▶ **Problem description**: Exactly reproduce the lines of the listing below from the one containing "Linge De Cuisine" through the one containing "Custom US Army". Skip the images.

···

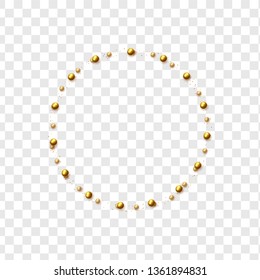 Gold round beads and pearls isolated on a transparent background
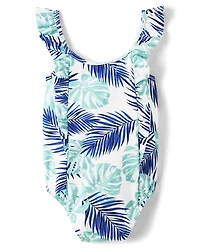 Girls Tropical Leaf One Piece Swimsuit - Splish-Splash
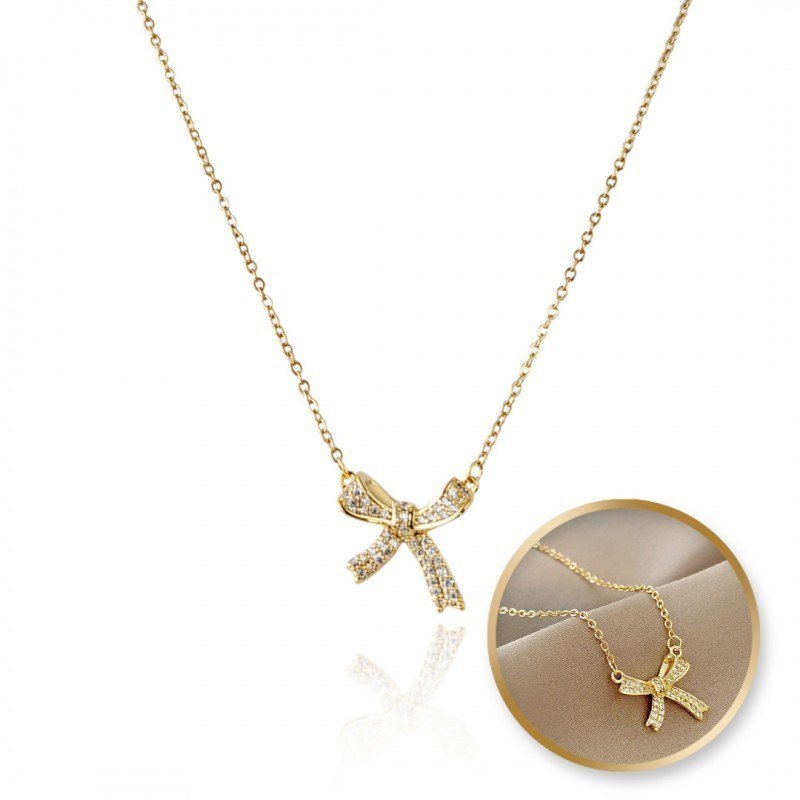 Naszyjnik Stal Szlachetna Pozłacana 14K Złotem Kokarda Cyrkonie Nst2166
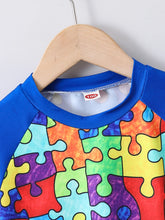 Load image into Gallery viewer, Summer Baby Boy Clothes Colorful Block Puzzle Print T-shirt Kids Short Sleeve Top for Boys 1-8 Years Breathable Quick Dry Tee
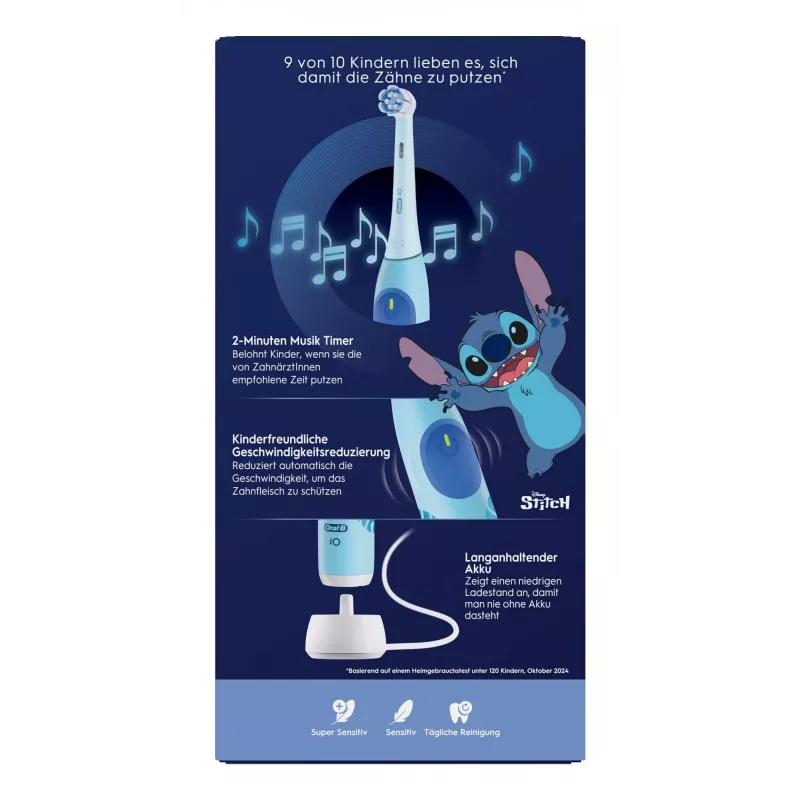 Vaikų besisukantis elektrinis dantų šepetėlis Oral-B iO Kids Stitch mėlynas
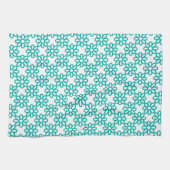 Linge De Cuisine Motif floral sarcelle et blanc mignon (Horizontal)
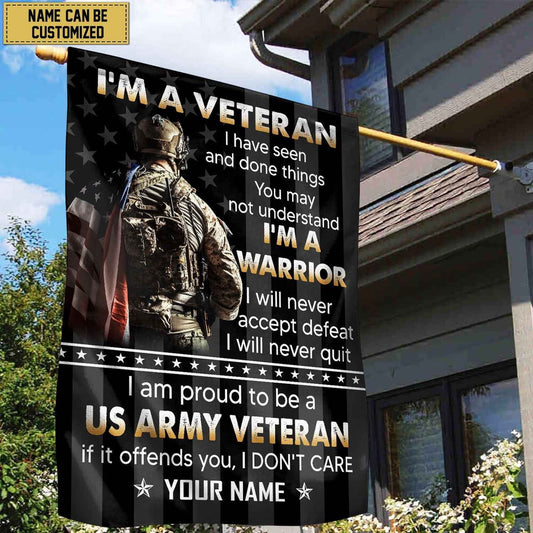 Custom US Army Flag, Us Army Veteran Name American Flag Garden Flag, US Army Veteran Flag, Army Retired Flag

···

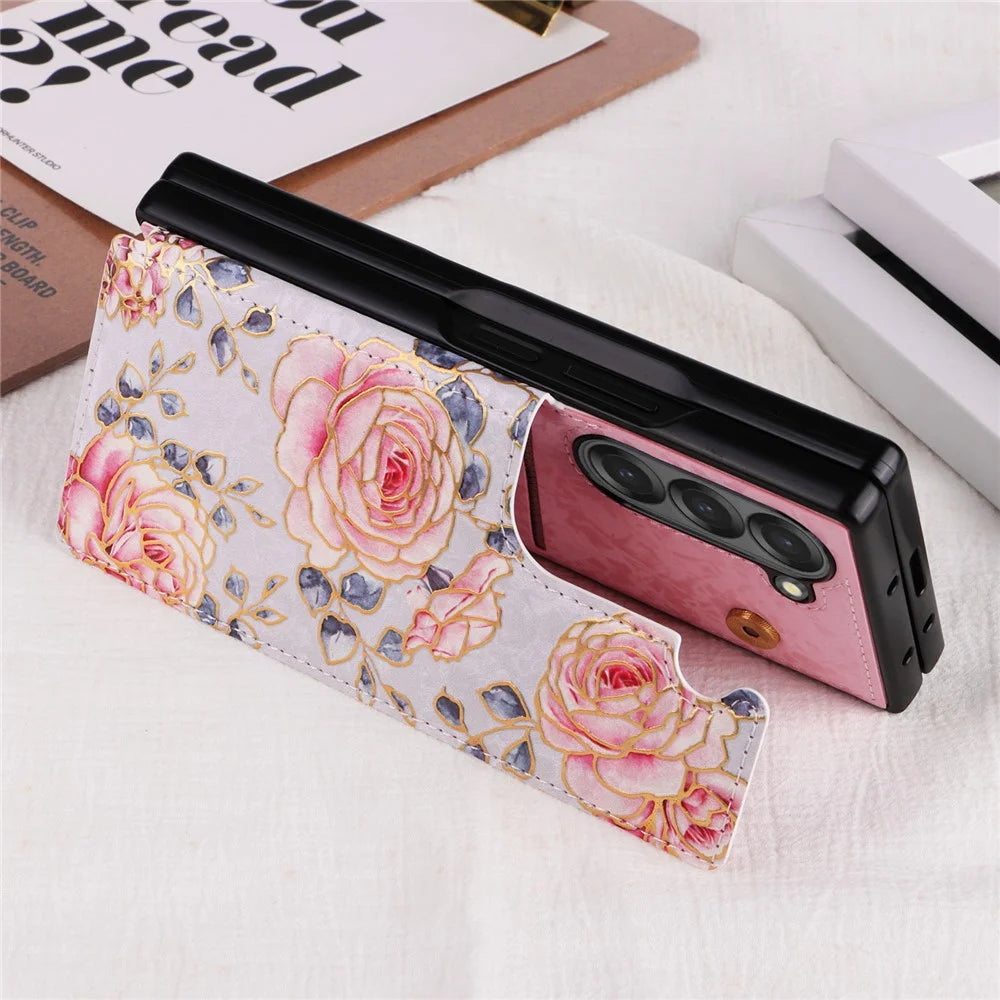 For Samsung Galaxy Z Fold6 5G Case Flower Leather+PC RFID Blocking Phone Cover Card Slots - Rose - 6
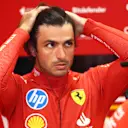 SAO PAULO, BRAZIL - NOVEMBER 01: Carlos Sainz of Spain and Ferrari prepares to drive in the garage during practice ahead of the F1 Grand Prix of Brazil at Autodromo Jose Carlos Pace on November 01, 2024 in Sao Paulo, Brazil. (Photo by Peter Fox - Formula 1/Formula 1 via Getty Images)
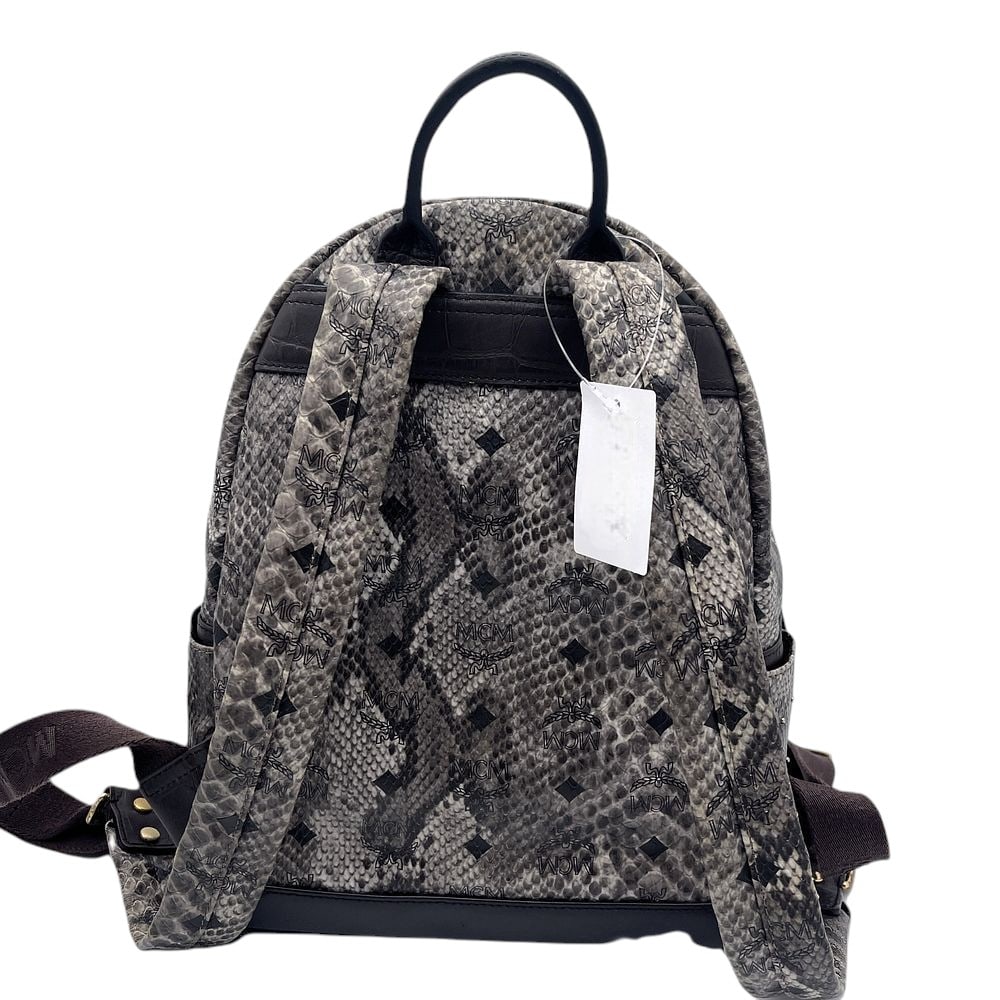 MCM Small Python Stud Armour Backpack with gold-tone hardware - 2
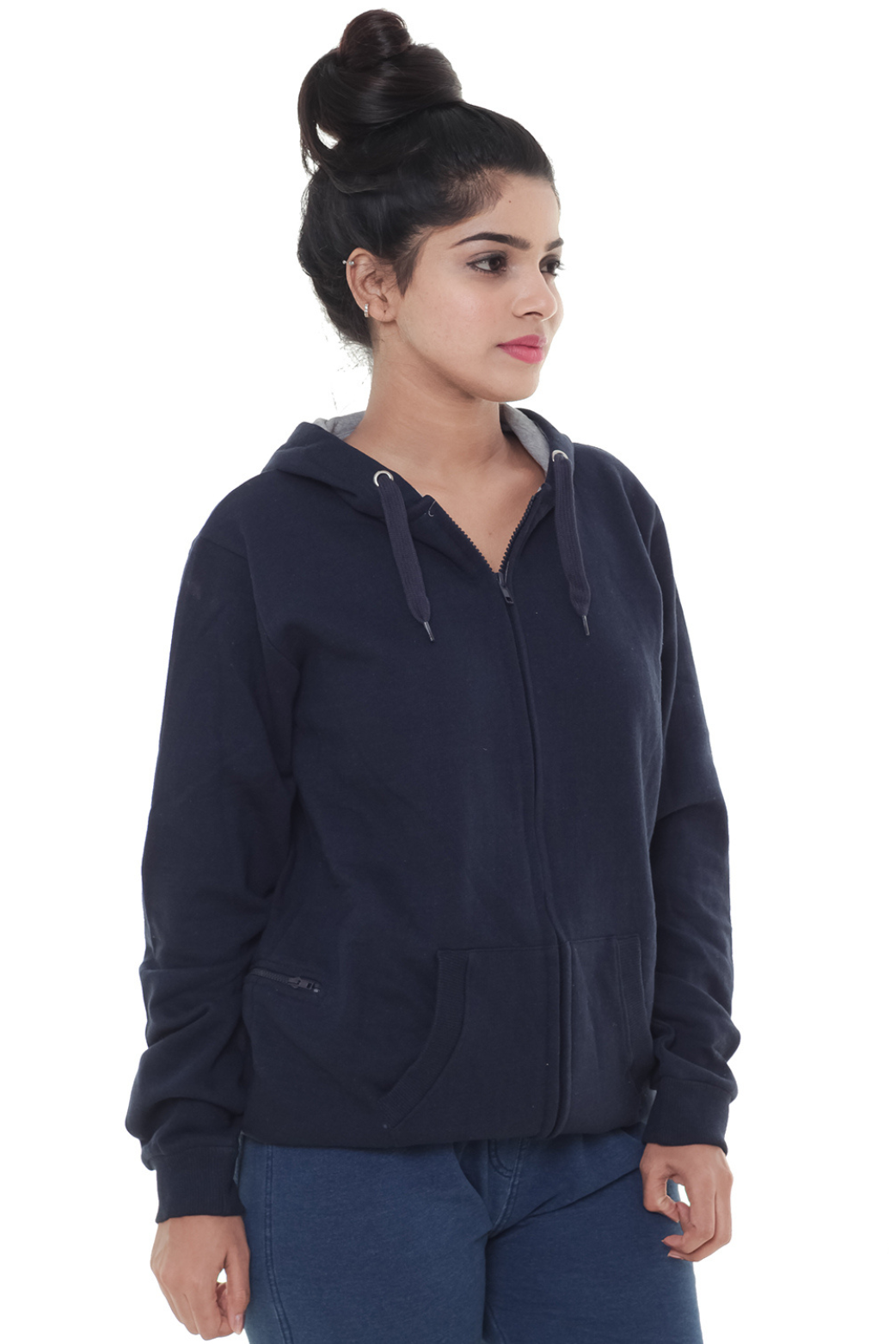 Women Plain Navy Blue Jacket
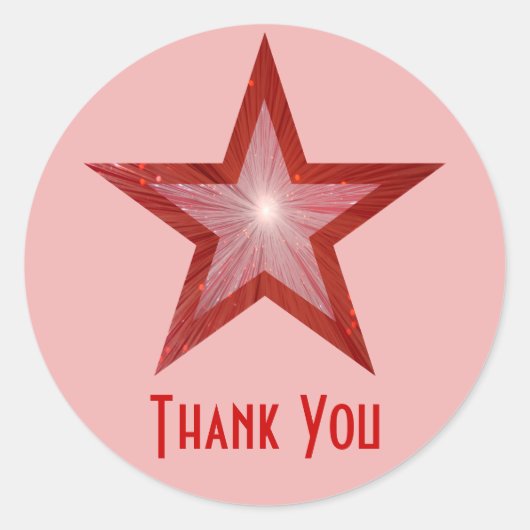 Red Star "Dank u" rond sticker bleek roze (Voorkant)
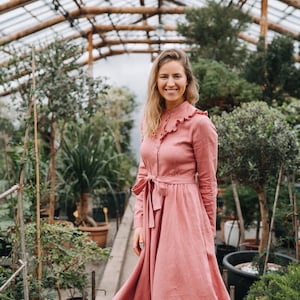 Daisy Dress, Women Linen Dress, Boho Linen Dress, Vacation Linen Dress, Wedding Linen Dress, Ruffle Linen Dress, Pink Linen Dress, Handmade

···

▶ **Response**:
 Linge De Cuisine Motif floral sarcelle et blanc mignon (Horizontal)
 Custom US Army Flag, Us Army Veteran Name American Flag Garden Flag, US Army Veteran Flag, Army Retired Flag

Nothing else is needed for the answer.